I'd ask you to write out the lines below exactly, with no images.

Dataset content:

========================================================================

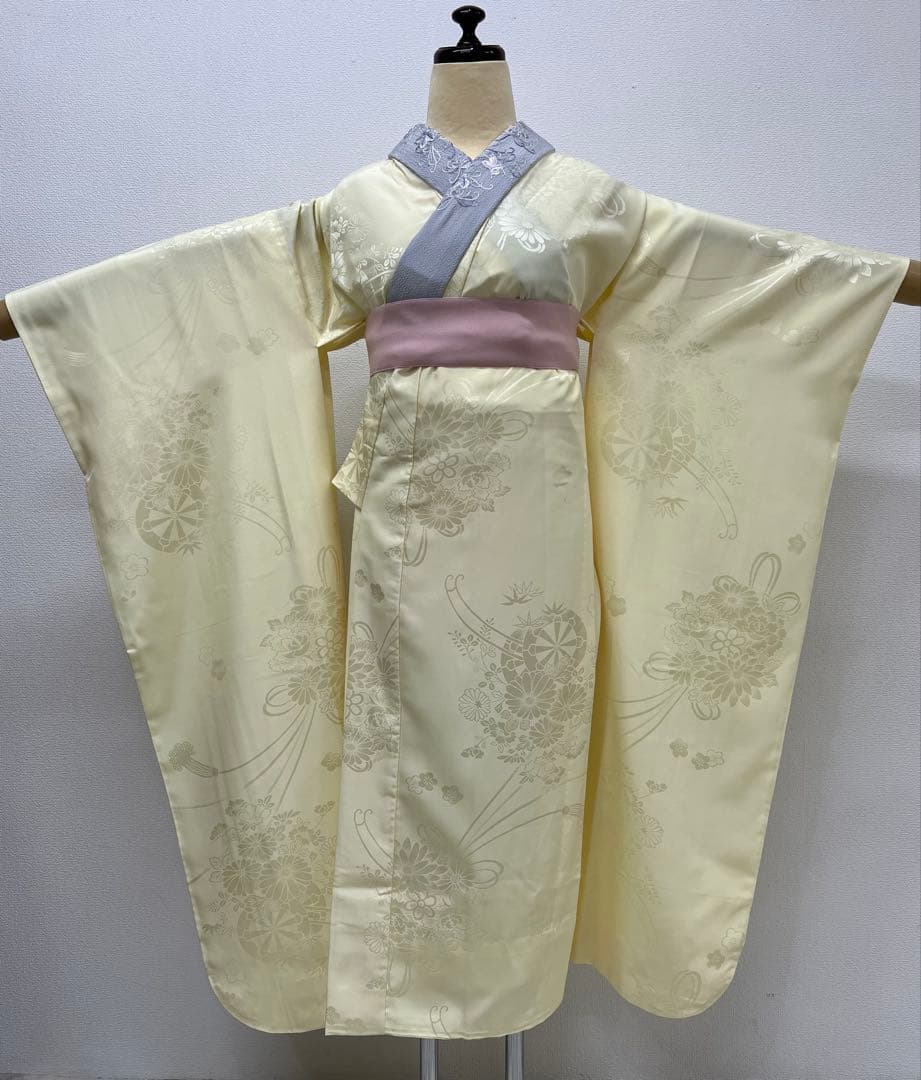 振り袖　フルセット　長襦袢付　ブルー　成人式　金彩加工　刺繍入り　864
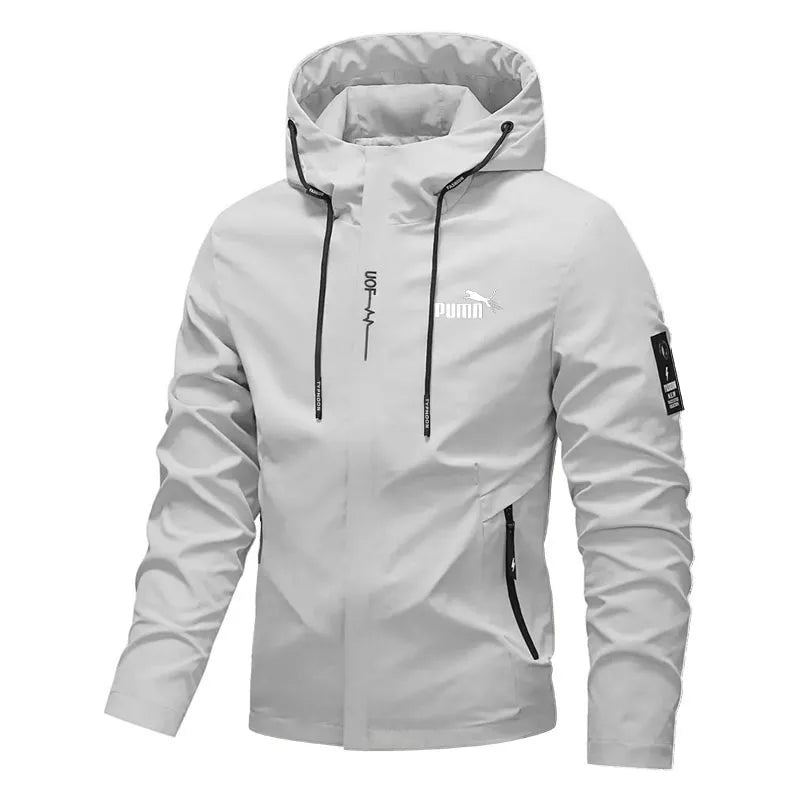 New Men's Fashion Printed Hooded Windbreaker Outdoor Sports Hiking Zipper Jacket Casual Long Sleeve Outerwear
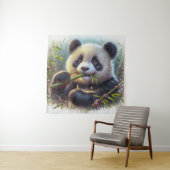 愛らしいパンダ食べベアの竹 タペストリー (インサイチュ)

========================================================================

Task output:
 振り袖　フルセット　長襦袢付　ブルー　成人式　金彩加工　刺繍入り　864
 New Men's Fashion Printed Hooded Windbreaker Outdoor Sports Hiking Zipper Jacket Casual Long Sleeve Outerwear
 愛らしいパンダ食べベアの竹 タペストリー (インサイチュ)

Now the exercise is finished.